- by New Deal democrat
So this morning I read that OMG yield curve tightest since 2007!!!! Head for the hills!!! Recession coming!!! from Mike "Mish" Shedlock.
And here is the accompanying graph:
Sure enough, yes, if we focus strictly on the time period from 2008-present, (and don't you dare let your eyes wander to the left of the graph!), the yield curve now is the tightest it has been.
But unless you think the universe came into existence in 2007, you really *should* cast your eyes to the left of the graph, where you will see that the spreads among the various treasury maturities are about where they were in early 2005. Two and one-half years before the last recession.
Oh.
This made me remember a similar recession call by Deutsche Bank almost two years ago:
What are plummeting interest rates saying about the outlook for the economy? The spread between the yield on 10-year U.S. Treasury notes and two-year notes is the narrowest since 2007. A model maintained by Deutsche Bank analyst Steven Zeng, who adjusts the spread for historically low short-term interest rates, suggests the yield curve is now signaling a 55 percent* chance of a U.S. recession within the next 12 months. That marks the highest probability generated by the model so far in this expansion ....[*That was in February 2016. When long term rates made new lows in July, they upped the chances to 60%!]
Here is a graph which accompanied Deutsche Bank's presentation:
In response, I noted the following:
Here's the problem. Cast your eye to the left end of the graph, the 1960s. You know, probably the best economy the US has had since, well, forever? What does the graph show then?
Apparently, the US was teetering on the edge of recession throughout the entire decade. Hoocoodanode?
Next look towards the middle. There is the 1990s tech boom, second only to the 1960s as the best US economy of our lifetimes. Well, apparently the US was teetering on the edge of recession through that period as well!

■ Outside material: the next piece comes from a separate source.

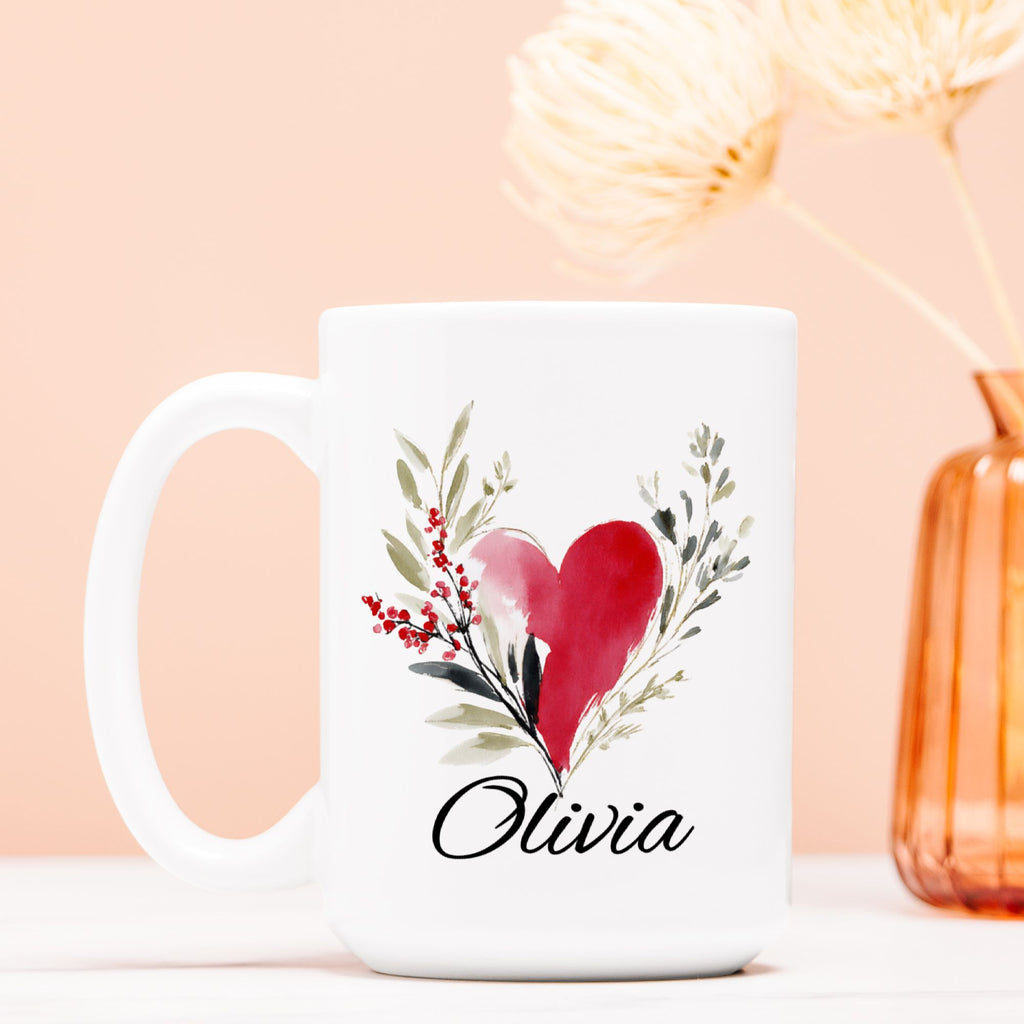 White mug with a red heart and green leaves design, featuring the name 'Olivia', on a light pink background.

So here is a helpful hint. When your Killer App for foreceasting recessions forecast a recession during the two best economies that the US has had in the last 60 years, your Killer App is crap.
Apparently Deutsch Bank figures that once the Fed starts tightening, it will continue pretty much until it sees a recession looming like an iceberg dead ahead. That may have made sense half a century ago when the US was primarily a manufacturing economy, which was much more volatile -- a GDP that fell from 4% to 2% quarter over quarter was likely headed to 0 or below in another quarter. That's simply not the case in our service based economy now.
So what was Deutsche Bank saying just a few months ago? This:
[Deutsche Bank] estimated the probability of a U.S. recession from now to June 2018 at less than 10 percent.Here's their updated graph (which, note, now conveniently omits the entire 1960's):
They're back to extreme bearishness now. Who cares? Why should anybody be paying the slightest bit of attention to a model which has 5 false positives for 6 correct ones?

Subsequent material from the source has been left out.